◆ **Records for processing**:
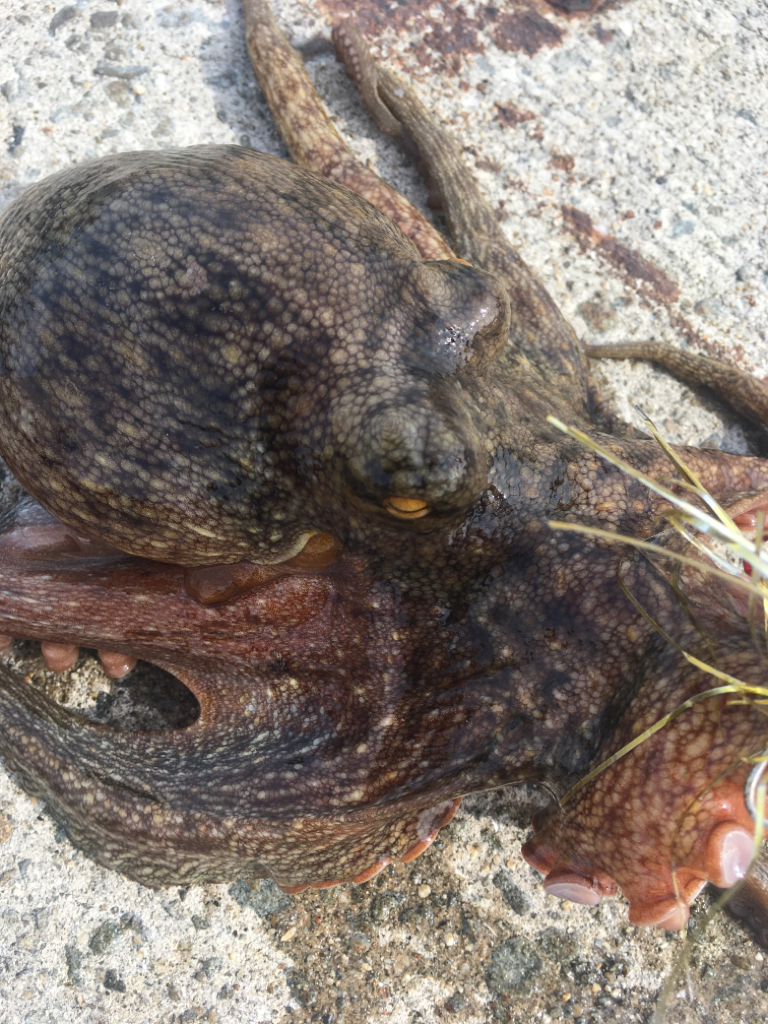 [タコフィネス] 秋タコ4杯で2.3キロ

--

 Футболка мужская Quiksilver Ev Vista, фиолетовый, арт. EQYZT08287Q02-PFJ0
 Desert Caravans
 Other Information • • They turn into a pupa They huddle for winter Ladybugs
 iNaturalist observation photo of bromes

--

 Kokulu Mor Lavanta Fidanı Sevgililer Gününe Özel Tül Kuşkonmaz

◆ **Work item**: Reproduce exactly the section above that begins at the line containing "Desert Caravans" and ends at the line containing "iNaturalist observation photo of bromes", leaving out all other lines.

◆ **Exercise result**:
 Desert Caravans
 Other Information • • They turn into a pupa They huddle for winter Ladybugs
 iNaturalist observation photo of bromes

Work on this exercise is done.